We had that in this country.  We’ve had that for many years and the courts have done a remarkable job over the last 15 or 20 years of continuing to render justice even as their budgets have declined in terms of the workflow that they are expected to carry.  And what we need to do is be sure at this critical time we don’t continue that process to the point to where as Ted says, when you go to the courts you find the doors are closed or you find what is equally bad; that the court may be open, but they can’t give you justice because there isn’t a judge or a jury that is available to hear your case.

L to R: Ted Olson, Lady Olson, David Boies, U.S. Supreme Court Justice David Souter (ret.) at UNH Law 5/26/2011

QUINN: You guys are probably the two most famous lawyers in the country and you’ve probably been in a number of different courthouses.  The thing that I see as a problem is as we’re constricting the budgets we’re asking the courts to do more and more with less people.  And the judges may have on the federal level a couple of clerks and on the state level here in New Hampshire maybe they share a pool of clerks.  And it’s the judge and there law clerks and maybe a couple of staff people.  With the world getting more complex, how are we to have any hope to get these people to continue to do their jobs?

BOIES: Well the fact of the matter is, with the world getting more complex, and with fewer and fewer resources, you don’t have any realistic hope of them being able to do their job.

OLSON: And more and more judges are saying we are not paying our judges as much as we pay first year associates in David’s firm or my firm.  Judges are saying,  “We are being asked to do more, we want to do the right thing and we are not able to do the right thing because we don’t have the resources to do the right thing.  We are being asked to work more cases, longer hours under more difficult circumstances, we don’t have interpreters in our court, we don’t have court reporters in our court, we don’t have bailiffs to preserve security in our court and we’re not being paid enough.  So what are we going to do?  We’re going to quit.  We’re not going to be there any more.”  And so the really good people you want when you go to court, David and I are often on opposite sides of a case or of a particular issue; we both want the same thing.  We want an independent judge who will work hard, study the issues and render a conscientious decision, for us or against us.  Mostly we want to win, but most of all we want justice to be done by a competent, able, hardworking judge.  And the competent, able, hardworking people are saying it’s not worth it.  “I want out!”

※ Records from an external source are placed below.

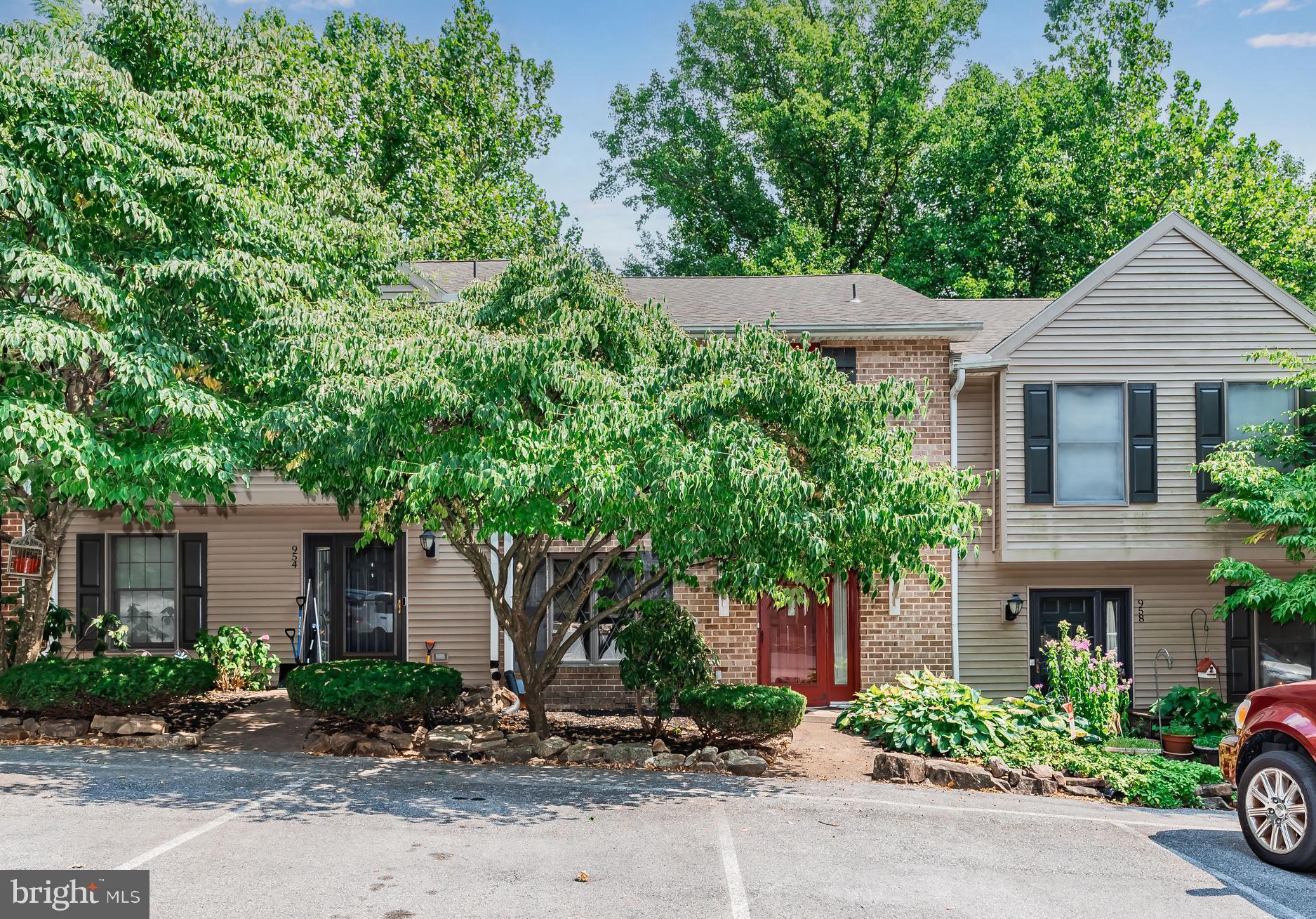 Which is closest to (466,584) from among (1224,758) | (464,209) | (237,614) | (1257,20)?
(237,614)

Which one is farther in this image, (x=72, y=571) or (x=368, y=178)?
(x=368, y=178)

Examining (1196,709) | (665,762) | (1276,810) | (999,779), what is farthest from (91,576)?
(1196,709)

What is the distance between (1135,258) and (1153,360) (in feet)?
4.87

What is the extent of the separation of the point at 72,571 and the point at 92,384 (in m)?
5.38

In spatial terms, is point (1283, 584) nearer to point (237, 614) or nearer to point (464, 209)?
point (237, 614)

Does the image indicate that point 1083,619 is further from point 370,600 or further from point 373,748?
point 370,600

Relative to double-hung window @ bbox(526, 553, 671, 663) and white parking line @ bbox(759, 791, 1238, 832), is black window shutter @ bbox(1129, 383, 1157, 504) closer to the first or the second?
white parking line @ bbox(759, 791, 1238, 832)

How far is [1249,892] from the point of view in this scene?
21.4ft

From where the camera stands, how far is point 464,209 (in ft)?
82.3

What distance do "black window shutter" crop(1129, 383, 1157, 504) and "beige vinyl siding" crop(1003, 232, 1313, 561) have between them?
0.10 meters

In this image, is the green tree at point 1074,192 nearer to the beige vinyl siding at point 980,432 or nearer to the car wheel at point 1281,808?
the beige vinyl siding at point 980,432

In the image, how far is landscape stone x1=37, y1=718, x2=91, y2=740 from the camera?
10703 mm

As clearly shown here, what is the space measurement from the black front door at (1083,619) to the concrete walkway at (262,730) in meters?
10.1

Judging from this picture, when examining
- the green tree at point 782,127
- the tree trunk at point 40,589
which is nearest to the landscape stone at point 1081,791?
the tree trunk at point 40,589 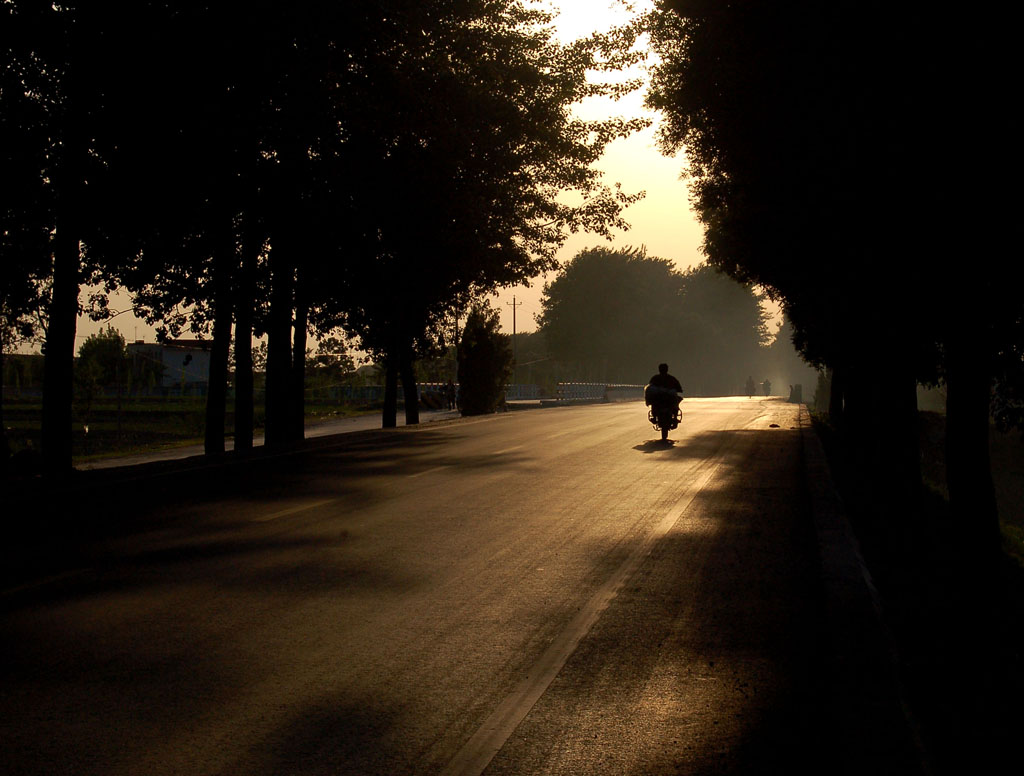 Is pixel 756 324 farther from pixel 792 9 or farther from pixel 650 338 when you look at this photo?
pixel 792 9

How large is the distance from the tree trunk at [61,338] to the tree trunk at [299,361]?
6916 millimetres

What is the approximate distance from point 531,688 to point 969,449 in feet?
16.4

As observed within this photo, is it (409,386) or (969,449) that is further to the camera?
(409,386)

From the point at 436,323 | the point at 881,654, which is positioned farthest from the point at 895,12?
the point at 436,323

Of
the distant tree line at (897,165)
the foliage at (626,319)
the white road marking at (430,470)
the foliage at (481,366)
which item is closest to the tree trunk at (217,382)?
the white road marking at (430,470)

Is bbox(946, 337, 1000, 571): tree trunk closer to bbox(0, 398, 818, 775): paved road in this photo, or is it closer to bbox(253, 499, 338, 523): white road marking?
bbox(0, 398, 818, 775): paved road

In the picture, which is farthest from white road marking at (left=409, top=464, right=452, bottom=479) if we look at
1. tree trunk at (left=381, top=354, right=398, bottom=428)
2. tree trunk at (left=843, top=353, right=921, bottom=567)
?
tree trunk at (left=381, top=354, right=398, bottom=428)

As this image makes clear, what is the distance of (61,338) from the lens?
19.0 m

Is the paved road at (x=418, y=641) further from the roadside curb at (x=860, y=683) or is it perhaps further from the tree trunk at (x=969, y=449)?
the tree trunk at (x=969, y=449)

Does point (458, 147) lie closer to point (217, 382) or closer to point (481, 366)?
point (217, 382)

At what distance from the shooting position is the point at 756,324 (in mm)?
174750

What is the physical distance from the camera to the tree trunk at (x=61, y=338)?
19.0 metres

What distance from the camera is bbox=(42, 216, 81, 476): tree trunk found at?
18984 millimetres

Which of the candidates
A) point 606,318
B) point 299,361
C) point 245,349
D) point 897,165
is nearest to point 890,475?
point 897,165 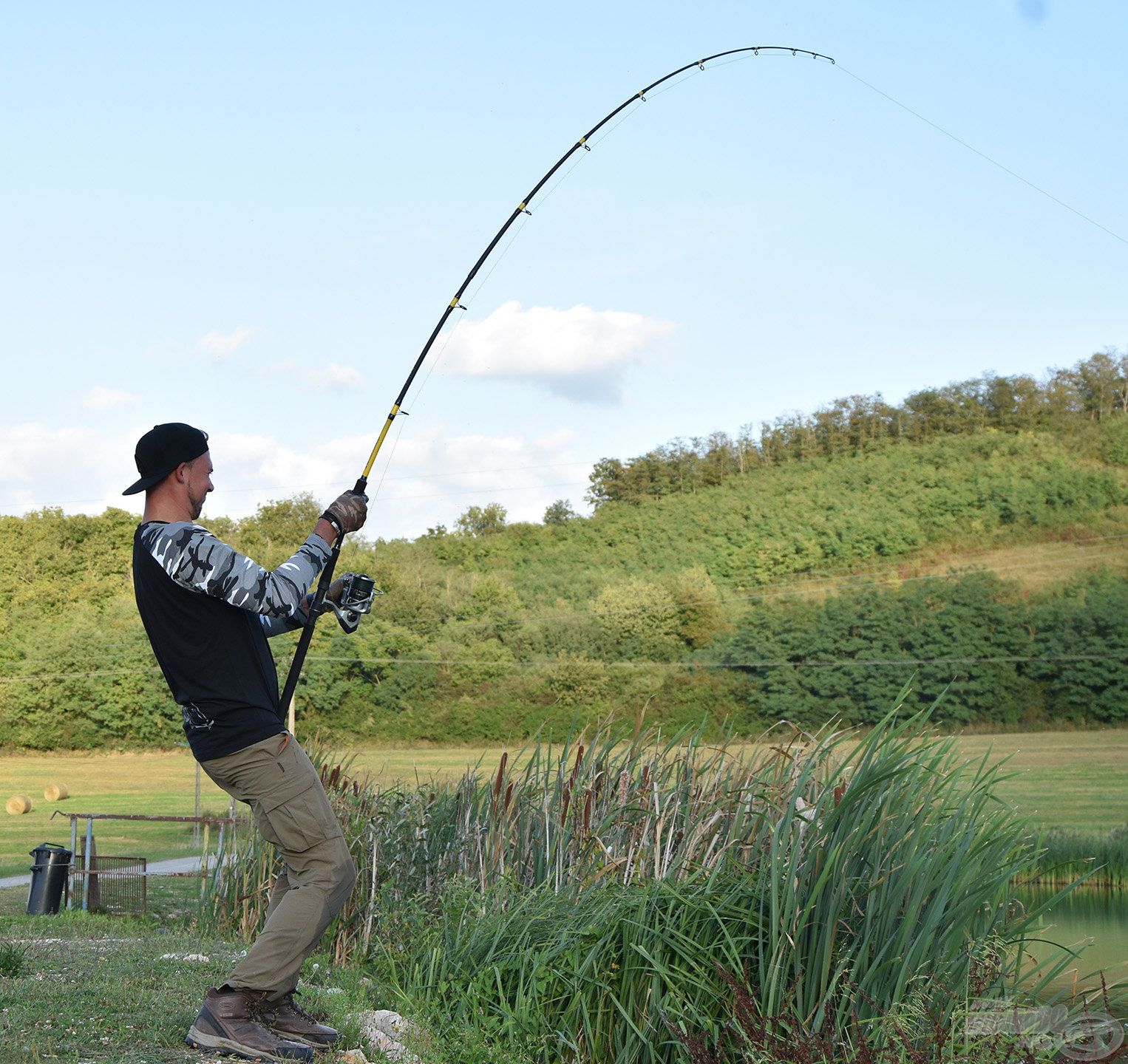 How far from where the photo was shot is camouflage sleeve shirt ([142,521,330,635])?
124 inches

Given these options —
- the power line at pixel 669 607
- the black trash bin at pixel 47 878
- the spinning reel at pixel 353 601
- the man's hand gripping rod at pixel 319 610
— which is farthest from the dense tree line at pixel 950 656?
the spinning reel at pixel 353 601

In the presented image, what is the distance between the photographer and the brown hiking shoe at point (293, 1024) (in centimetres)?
340

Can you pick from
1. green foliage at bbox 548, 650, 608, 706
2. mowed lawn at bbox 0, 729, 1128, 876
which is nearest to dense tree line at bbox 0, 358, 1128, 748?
green foliage at bbox 548, 650, 608, 706

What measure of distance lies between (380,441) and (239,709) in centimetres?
166

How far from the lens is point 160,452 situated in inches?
132

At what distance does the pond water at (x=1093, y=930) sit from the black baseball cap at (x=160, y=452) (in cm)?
705

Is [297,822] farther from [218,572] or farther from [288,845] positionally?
[218,572]

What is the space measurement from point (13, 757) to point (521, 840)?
3024 cm

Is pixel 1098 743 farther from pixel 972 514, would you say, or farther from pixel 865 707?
pixel 972 514

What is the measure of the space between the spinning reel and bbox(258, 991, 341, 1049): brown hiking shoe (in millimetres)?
1093

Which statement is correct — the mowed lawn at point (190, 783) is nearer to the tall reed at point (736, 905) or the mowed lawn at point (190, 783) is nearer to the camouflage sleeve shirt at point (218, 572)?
the tall reed at point (736, 905)

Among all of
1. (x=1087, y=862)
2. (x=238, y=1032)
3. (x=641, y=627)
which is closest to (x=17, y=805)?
(x=641, y=627)

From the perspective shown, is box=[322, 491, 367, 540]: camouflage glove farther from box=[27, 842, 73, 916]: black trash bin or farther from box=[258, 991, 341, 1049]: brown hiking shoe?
box=[27, 842, 73, 916]: black trash bin

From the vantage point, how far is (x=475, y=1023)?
4227 mm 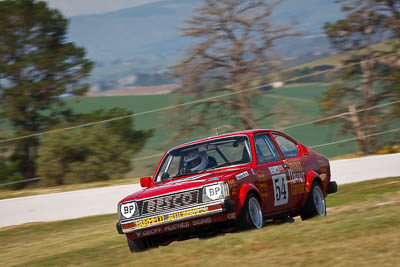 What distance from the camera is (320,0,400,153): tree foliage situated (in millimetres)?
22641

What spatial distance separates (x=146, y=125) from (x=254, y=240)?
1587cm

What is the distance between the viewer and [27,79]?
95.1 feet

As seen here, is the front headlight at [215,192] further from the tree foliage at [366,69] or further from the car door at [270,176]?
the tree foliage at [366,69]

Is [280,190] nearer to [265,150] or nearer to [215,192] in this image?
[265,150]

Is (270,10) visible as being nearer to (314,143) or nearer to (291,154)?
(314,143)

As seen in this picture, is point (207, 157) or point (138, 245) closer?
point (138, 245)

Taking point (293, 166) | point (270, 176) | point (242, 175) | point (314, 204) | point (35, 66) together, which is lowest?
point (314, 204)

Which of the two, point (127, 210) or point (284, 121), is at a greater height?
point (127, 210)

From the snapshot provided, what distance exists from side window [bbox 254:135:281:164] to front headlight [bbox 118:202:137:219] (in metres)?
1.89

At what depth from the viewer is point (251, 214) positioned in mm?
9031

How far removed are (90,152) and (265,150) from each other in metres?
13.7

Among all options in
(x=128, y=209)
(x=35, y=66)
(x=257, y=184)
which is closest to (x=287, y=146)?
(x=257, y=184)

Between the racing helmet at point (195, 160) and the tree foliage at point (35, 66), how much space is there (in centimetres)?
1731

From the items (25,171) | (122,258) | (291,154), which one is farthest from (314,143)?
(122,258)
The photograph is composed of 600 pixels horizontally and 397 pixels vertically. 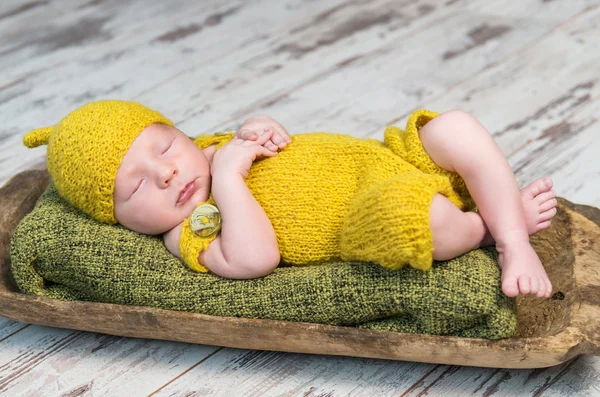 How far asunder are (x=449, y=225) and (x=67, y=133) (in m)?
0.80

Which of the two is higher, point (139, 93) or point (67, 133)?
point (67, 133)

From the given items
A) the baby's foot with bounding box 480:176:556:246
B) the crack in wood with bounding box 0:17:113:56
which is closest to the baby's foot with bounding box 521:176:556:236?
the baby's foot with bounding box 480:176:556:246

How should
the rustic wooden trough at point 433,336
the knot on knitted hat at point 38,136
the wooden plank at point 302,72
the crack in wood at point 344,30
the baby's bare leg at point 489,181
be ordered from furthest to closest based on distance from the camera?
the crack in wood at point 344,30 → the wooden plank at point 302,72 → the knot on knitted hat at point 38,136 → the baby's bare leg at point 489,181 → the rustic wooden trough at point 433,336

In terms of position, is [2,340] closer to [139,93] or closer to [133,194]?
[133,194]

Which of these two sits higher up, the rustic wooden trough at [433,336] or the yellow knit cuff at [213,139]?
the yellow knit cuff at [213,139]

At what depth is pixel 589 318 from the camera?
4.43 ft

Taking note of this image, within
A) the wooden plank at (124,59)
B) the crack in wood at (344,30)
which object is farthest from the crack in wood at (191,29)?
the crack in wood at (344,30)

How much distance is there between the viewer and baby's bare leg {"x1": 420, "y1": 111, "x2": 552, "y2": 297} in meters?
1.42

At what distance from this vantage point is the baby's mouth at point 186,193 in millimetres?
1565

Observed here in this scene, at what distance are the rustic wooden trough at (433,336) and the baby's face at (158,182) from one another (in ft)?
0.67

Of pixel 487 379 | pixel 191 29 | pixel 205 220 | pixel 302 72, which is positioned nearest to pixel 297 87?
pixel 302 72

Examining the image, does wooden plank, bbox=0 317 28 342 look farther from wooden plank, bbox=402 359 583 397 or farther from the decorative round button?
wooden plank, bbox=402 359 583 397

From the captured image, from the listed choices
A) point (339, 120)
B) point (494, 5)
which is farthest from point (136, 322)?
point (494, 5)

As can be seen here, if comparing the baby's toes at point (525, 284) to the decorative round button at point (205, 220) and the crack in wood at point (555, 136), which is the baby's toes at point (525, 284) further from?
the crack in wood at point (555, 136) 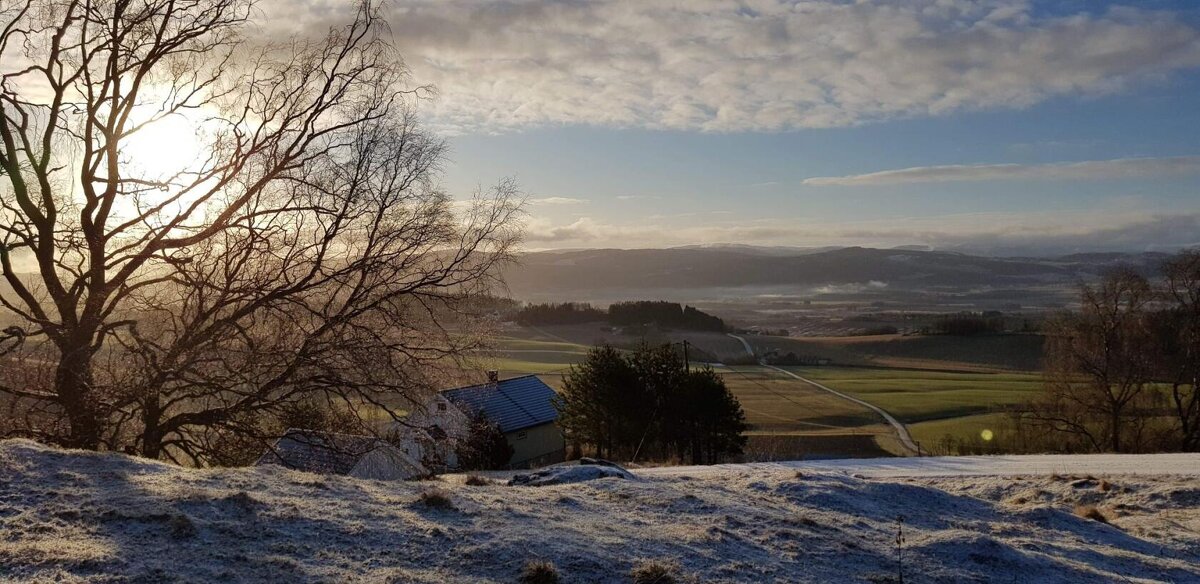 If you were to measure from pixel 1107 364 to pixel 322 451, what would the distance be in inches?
1418

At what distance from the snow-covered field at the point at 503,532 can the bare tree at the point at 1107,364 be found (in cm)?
2890

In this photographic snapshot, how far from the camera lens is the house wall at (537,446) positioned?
37219 millimetres

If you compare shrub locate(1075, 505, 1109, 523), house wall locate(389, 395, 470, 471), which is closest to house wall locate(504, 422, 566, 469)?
house wall locate(389, 395, 470, 471)

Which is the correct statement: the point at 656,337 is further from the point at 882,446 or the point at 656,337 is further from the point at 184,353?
the point at 184,353

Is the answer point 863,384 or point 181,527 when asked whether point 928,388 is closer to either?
point 863,384

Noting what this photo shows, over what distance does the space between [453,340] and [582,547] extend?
6.64 meters

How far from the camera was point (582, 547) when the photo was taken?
7043 mm

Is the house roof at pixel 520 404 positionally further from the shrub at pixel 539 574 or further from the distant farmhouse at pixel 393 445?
the shrub at pixel 539 574

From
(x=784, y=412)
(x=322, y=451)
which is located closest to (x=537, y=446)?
(x=322, y=451)

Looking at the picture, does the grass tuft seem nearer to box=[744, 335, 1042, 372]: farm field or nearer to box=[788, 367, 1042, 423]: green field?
box=[788, 367, 1042, 423]: green field

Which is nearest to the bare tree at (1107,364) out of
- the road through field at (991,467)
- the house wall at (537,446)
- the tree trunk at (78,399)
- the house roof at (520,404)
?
the road through field at (991,467)

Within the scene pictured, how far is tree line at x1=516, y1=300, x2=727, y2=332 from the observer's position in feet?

BOIES: One of the messages that the two of us really want to send is and I hope is sent by just the two of us being here, is that this is not a conservative or liberal issue, this is not whether you like a particular court decision or dislike it.   It’s not a Republican or Democratic issue.  This is an issue for everybody who believes in our constitutional system.  It’s for everybody who cares about justice.  It’s for every individual who cares about having a predictable, safe place to go to get disputes resolved when other aspects of our society fail them.

QUINN: Well what’s the answer?  As a conservative at heart, loathe to just throwing money at a problem, because I don’t think that more money always solves the problem.   But it seems in this case that left to their own devices the courts seem to run pretty good, pretty lean and pretty efficiently.  Is it, do you think, just a money issue?

BOIES: I think at this stage it is a couple of things.  First, it is a money issue.  Second the courts need to use technology more.  But in order to use technology more, they’ve got to get the funding to implement technology.  Here in New Hampshire both the last Chief Justice and the current Chief Justice have very, very forward-looking plans to improve technology and yet they can’t get the funding to implement it.  And that’s just a false economy because in the long run, technology not only makes the justice system more effective, it makes it less costly.  So by failing to fund increases in improvements of technology, you are undercutting not only the long-term effectiveness of court system but you are burdening society with unnecessary costs.

OLSON: One-third of our government at the state court level handles throughout the United States, 40 million civil and criminal cases a year.  And we are supplying 1% or so as David pointed out, of our resources to take care of that.  There are a lot of other things that can be done and the judges and the courts are really working to become more efficient and more streamlined.  But they need the resources to do it.  They basically need the resources to do what they are doing.  That is probably our most efficient system of government.  If you walk into any court, you’re not seeing any waste.   There’s a judge, there’s a few clerks and there’s a bailiff and an interpreter or court reporter or something like that and that’s all.  We don’t have these vast bureaucracies of supervisors and subordinates and this sort of thing in our court system.  So there’s no place to cut unless you want to cut justice.  And we’re not cutting the courts really.  We’re cutting justice available to our citizens so you take a dollar out of that, you’re taking a dollar away from our citizens.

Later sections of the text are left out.